As the coronavirus started creeping and then raging across the country, it didn't take long to notice a change - among some people, at least - from we're all in this together to I'm not wearing a mask, and why aren't you opening my hair salon and my gym? Still, others, perhaps initially indifferent, started taking protective measures more seriously and showed support for public officials who did the same.

Back in May, Evan Lieberman couldn't help but wonder what role, if any, race played in all this, especially the increasing emphasis on how COVID-19 was disproportionately affecting certain groups. Lieberman is a professor of political science and contemporary Africa at Massachusetts Institute of Technology and along with researcher Alison Harrell co-authored a new study in the journal Social Science and Medicine looking at how sharing information about the pandemic's racial disparities affected people's policy opinions.

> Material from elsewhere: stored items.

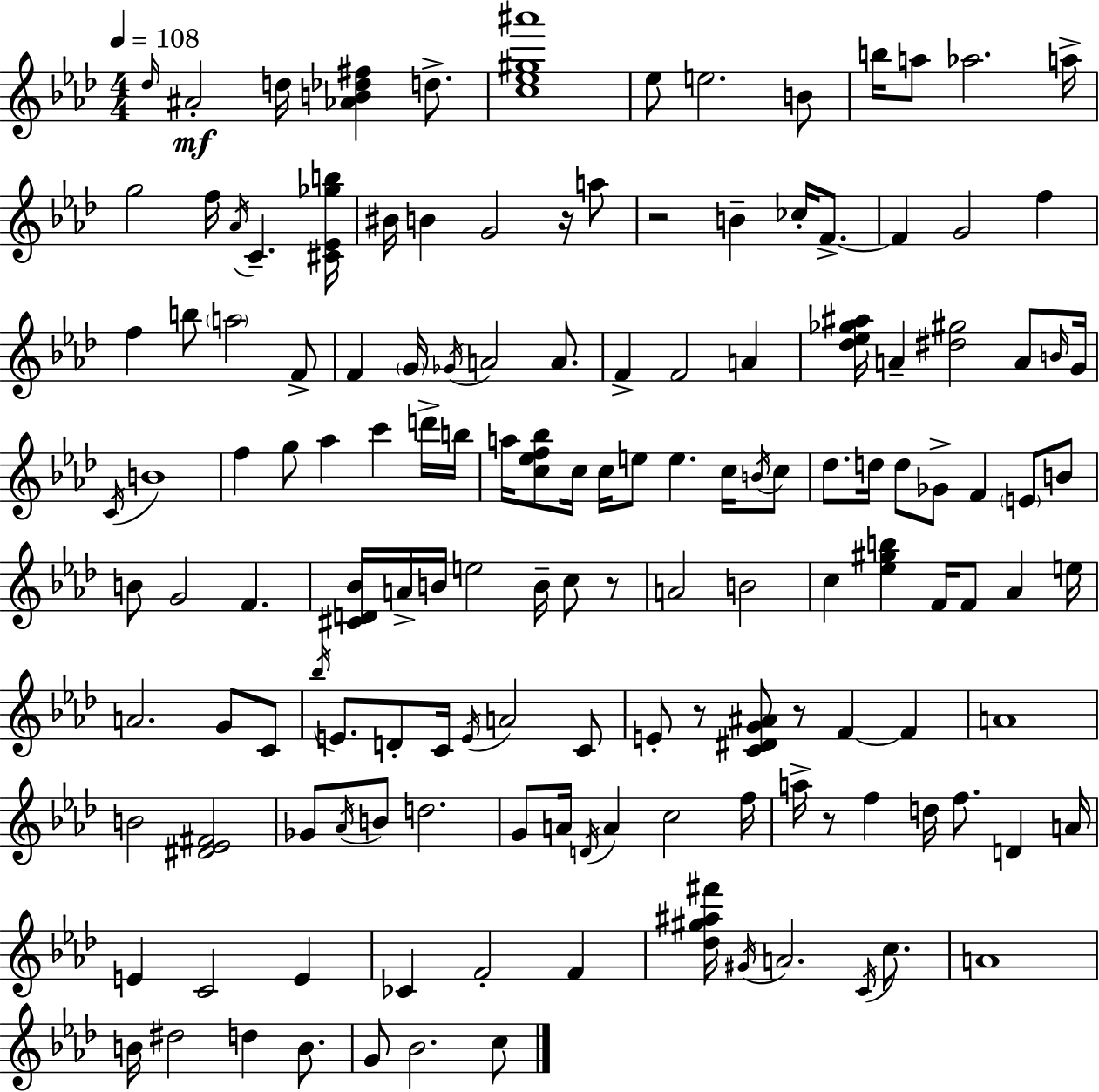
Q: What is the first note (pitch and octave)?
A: Db5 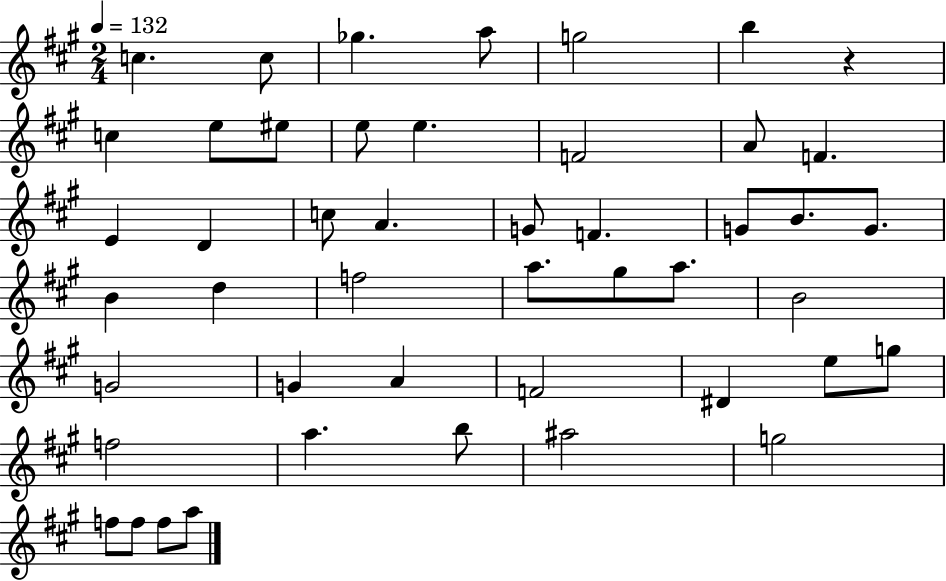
C5/q. C5/e Gb5/q. A5/e G5/h B5/q R/q C5/q E5/e EIS5/e E5/e E5/q. F4/h A4/e F4/q. E4/q D4/q C5/e A4/q. G4/e F4/q. G4/e B4/e. G4/e. B4/q D5/q F5/h A5/e. G#5/e A5/e. B4/h G4/h G4/q A4/q F4/h D#4/q E5/e G5/e F5/h A5/q. B5/e A#5/h G5/h F5/e F5/e F5/e A5/e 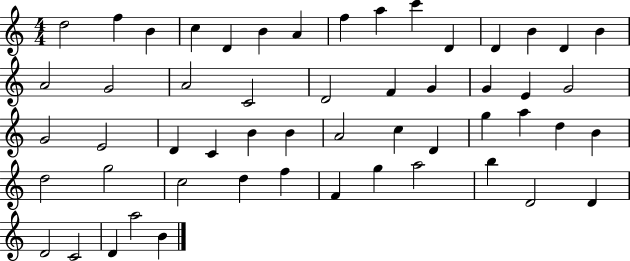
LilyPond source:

{
  \clef treble
  \numericTimeSignature
  \time 4/4
  \key c \major
  d''2 f''4 b'4 | c''4 d'4 b'4 a'4 | f''4 a''4 c'''4 d'4 | d'4 b'4 d'4 b'4 | \break a'2 g'2 | a'2 c'2 | d'2 f'4 g'4 | g'4 e'4 g'2 | \break g'2 e'2 | d'4 c'4 b'4 b'4 | a'2 c''4 d'4 | g''4 a''4 d''4 b'4 | \break d''2 g''2 | c''2 d''4 f''4 | f'4 g''4 a''2 | b''4 d'2 d'4 | \break d'2 c'2 | d'4 a''2 b'4 | \bar "|."
} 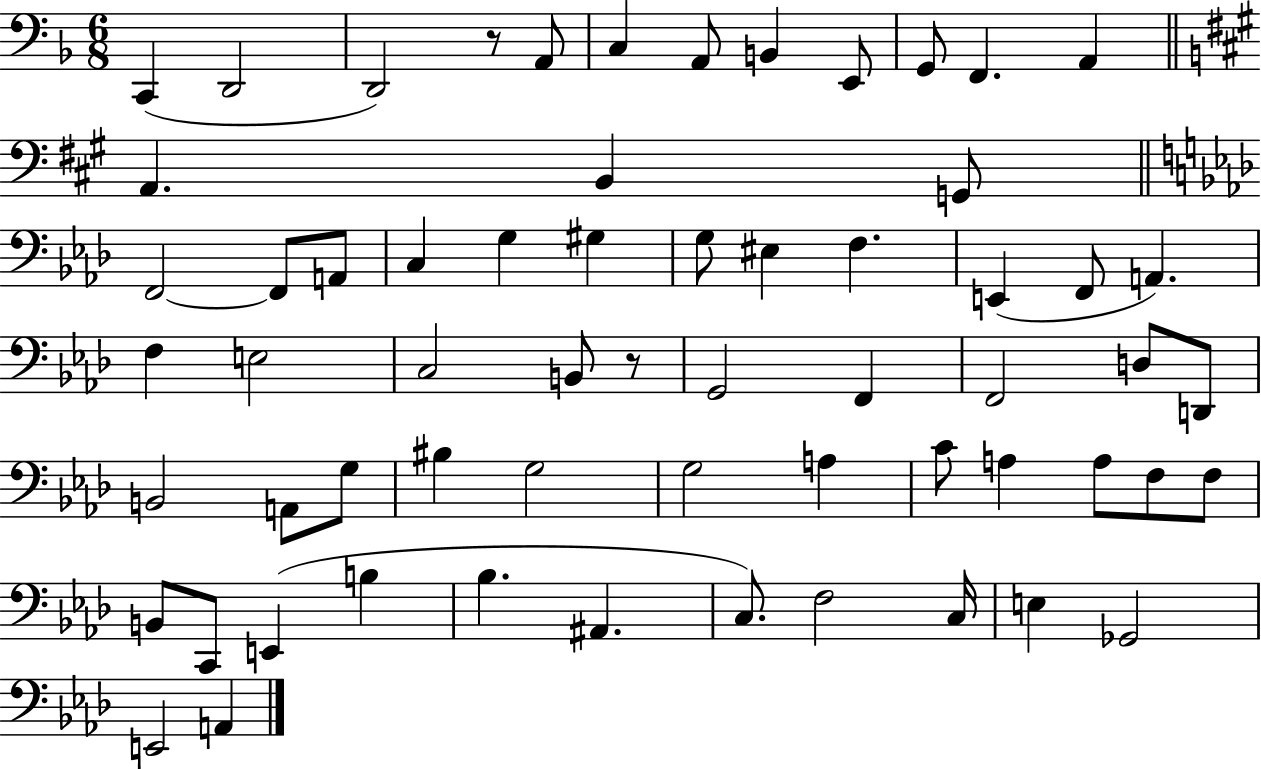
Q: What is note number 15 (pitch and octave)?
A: F2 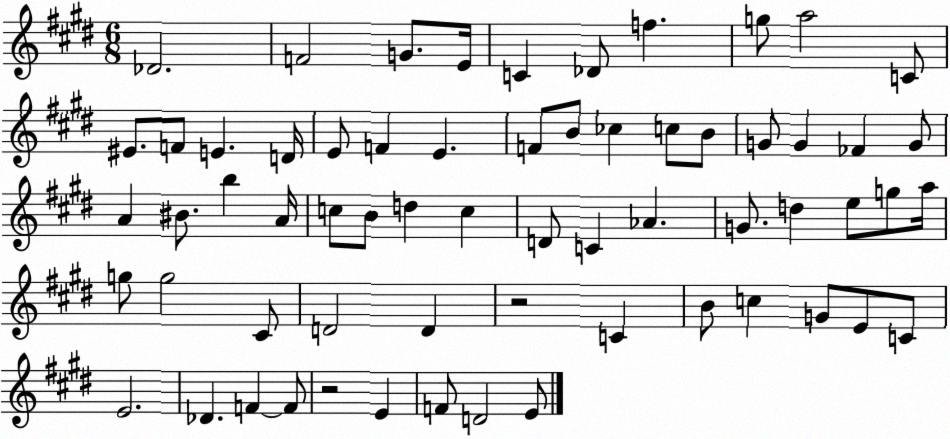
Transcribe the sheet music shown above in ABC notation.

X:1
T:Untitled
M:6/8
L:1/4
K:E
_D2 F2 G/2 E/4 C _D/2 f g/2 a2 C/2 ^E/2 F/2 E D/4 E/2 F E F/2 B/2 _c c/2 B/2 G/2 G _F G/2 A ^B/2 b A/4 c/2 B/2 d c D/2 C _A G/2 d e/2 g/2 a/4 g/2 g2 ^C/2 D2 D z2 C B/2 c G/2 E/2 C/2 E2 _D F F/2 z2 E F/2 D2 E/2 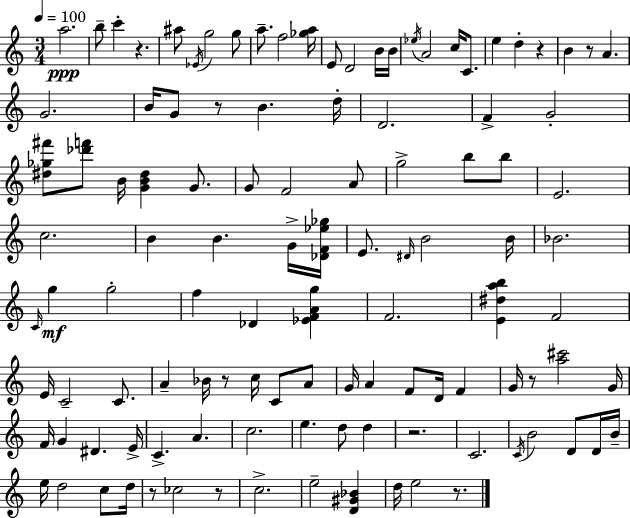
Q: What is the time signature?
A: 3/4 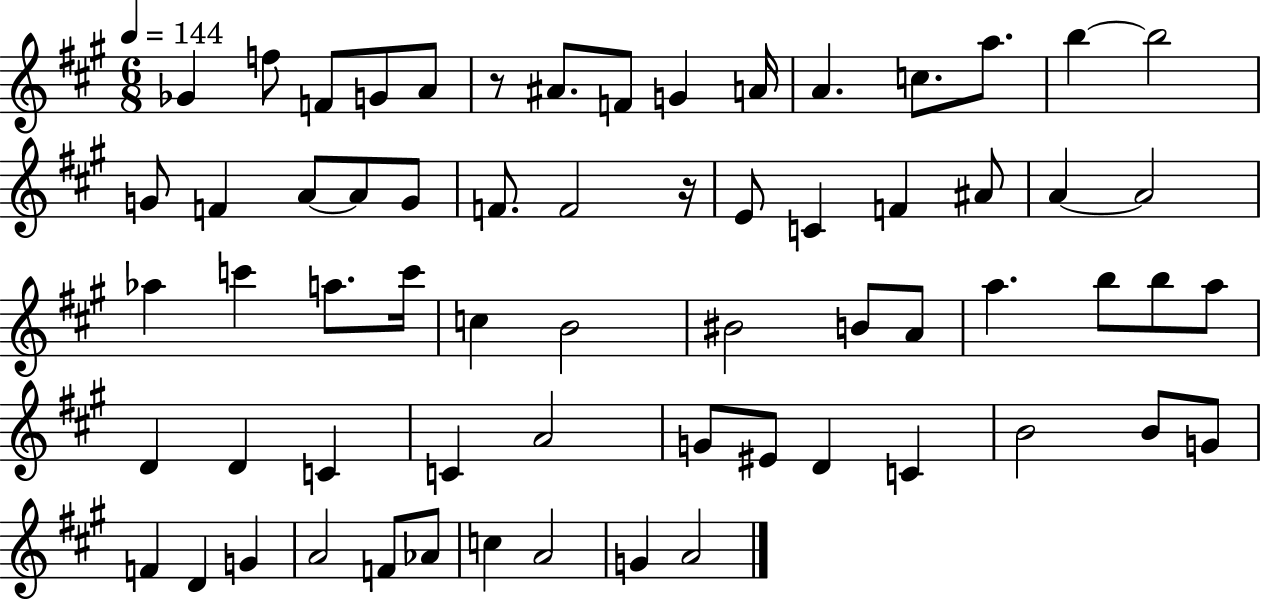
Gb4/q F5/e F4/e G4/e A4/e R/e A#4/e. F4/e G4/q A4/s A4/q. C5/e. A5/e. B5/q B5/h G4/e F4/q A4/e A4/e G4/e F4/e. F4/h R/s E4/e C4/q F4/q A#4/e A4/q A4/h Ab5/q C6/q A5/e. C6/s C5/q B4/h BIS4/h B4/e A4/e A5/q. B5/e B5/e A5/e D4/q D4/q C4/q C4/q A4/h G4/e EIS4/e D4/q C4/q B4/h B4/e G4/e F4/q D4/q G4/q A4/h F4/e Ab4/e C5/q A4/h G4/q A4/h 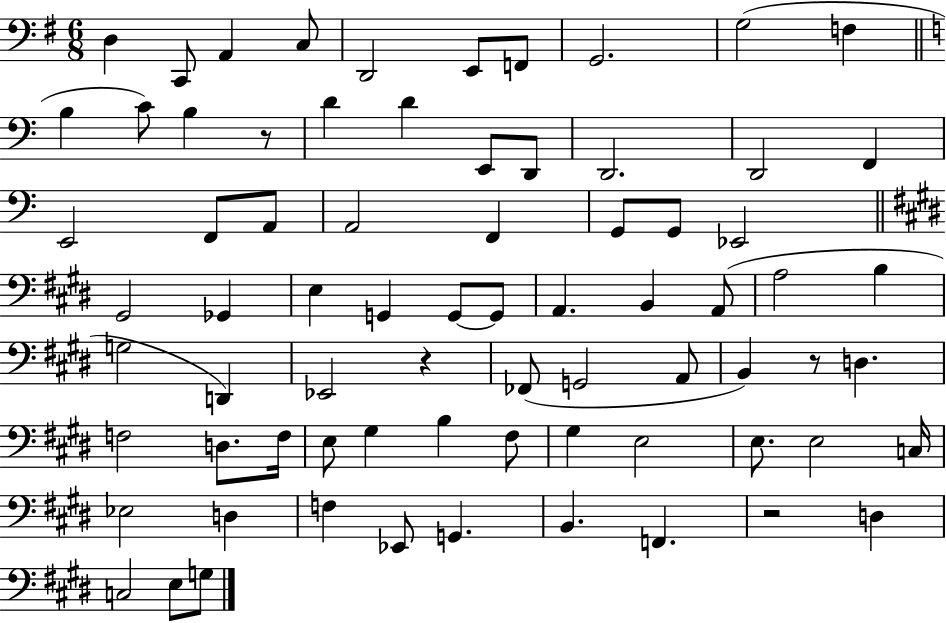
X:1
T:Untitled
M:6/8
L:1/4
K:G
D, C,,/2 A,, C,/2 D,,2 E,,/2 F,,/2 G,,2 G,2 F, B, C/2 B, z/2 D D E,,/2 D,,/2 D,,2 D,,2 F,, E,,2 F,,/2 A,,/2 A,,2 F,, G,,/2 G,,/2 _E,,2 ^G,,2 _G,, E, G,, G,,/2 G,,/2 A,, B,, A,,/2 A,2 B, G,2 D,, _E,,2 z _F,,/2 G,,2 A,,/2 B,, z/2 D, F,2 D,/2 F,/4 E,/2 ^G, B, ^F,/2 ^G, E,2 E,/2 E,2 C,/4 _E,2 D, F, _E,,/2 G,, B,, F,, z2 D, C,2 E,/2 G,/2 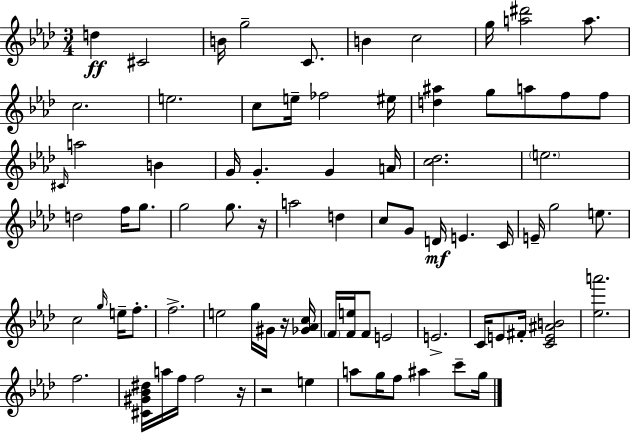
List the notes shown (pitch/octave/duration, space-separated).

D5/q C#4/h B4/s G5/h C4/e. B4/q C5/h G5/s [A5,D#6]/h A5/e. C5/h. E5/h. C5/e E5/s FES5/h EIS5/s [D5,A#5]/q G5/e A5/e F5/e F5/e C#4/s A5/h B4/q G4/s G4/q. G4/q A4/s [C5,Db5]/h. E5/h. D5/h F5/s G5/e. G5/h G5/e. R/s A5/h D5/q C5/e G4/e D4/s E4/q. C4/s E4/s G5/h E5/e. C5/h G5/s E5/s F5/e. F5/h. E5/h G5/s G#4/s R/s [Gb4,Ab4,C5]/s F4/s [F4,E5]/s F4/e E4/h E4/h. C4/s E4/e F#4/s [C4,E4,A#4,B4]/h [Eb5,A6]/h. F5/h. [C#4,G#4,Bb4,D#5]/s A5/s F5/s F5/h R/s R/h E5/q A5/e G5/s F5/e A#5/q C6/e G5/s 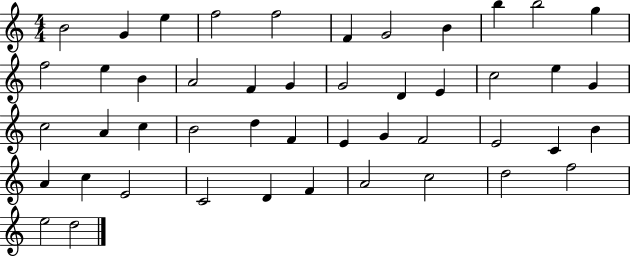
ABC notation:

X:1
T:Untitled
M:4/4
L:1/4
K:C
B2 G e f2 f2 F G2 B b b2 g f2 e B A2 F G G2 D E c2 e G c2 A c B2 d F E G F2 E2 C B A c E2 C2 D F A2 c2 d2 f2 e2 d2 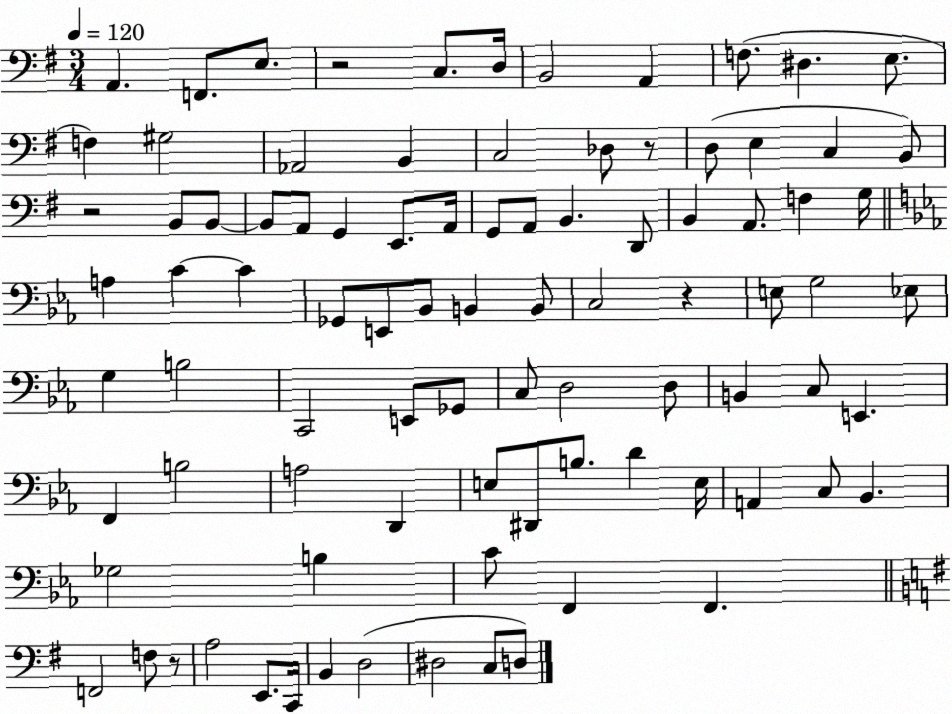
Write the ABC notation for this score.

X:1
T:Untitled
M:3/4
L:1/4
K:G
A,, F,,/2 E,/2 z2 C,/2 D,/4 B,,2 A,, F,/2 ^D, E,/2 F, ^G,2 _A,,2 B,, C,2 _D,/2 z/2 D,/2 E, C, B,,/2 z2 B,,/2 B,,/2 B,,/2 A,,/2 G,, E,,/2 A,,/4 G,,/2 A,,/2 B,, D,,/2 B,, A,,/2 F, G,/4 A, C C _G,,/2 E,,/2 _B,,/2 B,, B,,/2 C,2 z E,/2 G,2 _E,/2 G, B,2 C,,2 E,,/2 _G,,/2 C,/2 D,2 D,/2 B,, C,/2 E,, F,, B,2 A,2 D,, E,/2 ^D,,/2 B,/2 D E,/4 A,, C,/2 _B,, _G,2 B, C/2 F,, F,, F,,2 F,/2 z/2 A,2 E,,/2 C,,/4 B,, D,2 ^D,2 C,/2 D,/2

To explain more, we called Evan Lieberman, and he's with us now. Professor Lieberman, thank you so much for being with us.

EVAN LIEBERMAN: Hi, Michel. Thanks so much for having me on your show.

MARTIN: So, as briefly as you can and as simply as you can, what question were you asking? And what did you find?

LIEBERMAN: Well, really, we wanted to know, what is the effect of sharing information about these racial disparities, and who is dying from COVID? And so we conducted a survey of American adults, and we randomized the presentation of this information. So we asked them first a bunch of questions about themselves and their attitudes towards various groups, including about white people and about Black people. And we know that respondents don't always answer those questions so honestly, but we gave them a scale from 0 to 100 which allowed them to answer kind of colder or hotter along that scale.

And then what we did was we randomized who would get a visualization of that data. You know, at least among those Black respondents who weren't aware of the size of the disparities, those that learned this information said they were more likely to be concerned about the risk of infection. And that was good news. You know, for white respondents who said they had very favorable views towards Black people, there was also some good news, which is, they were more likely to say that the government should do more.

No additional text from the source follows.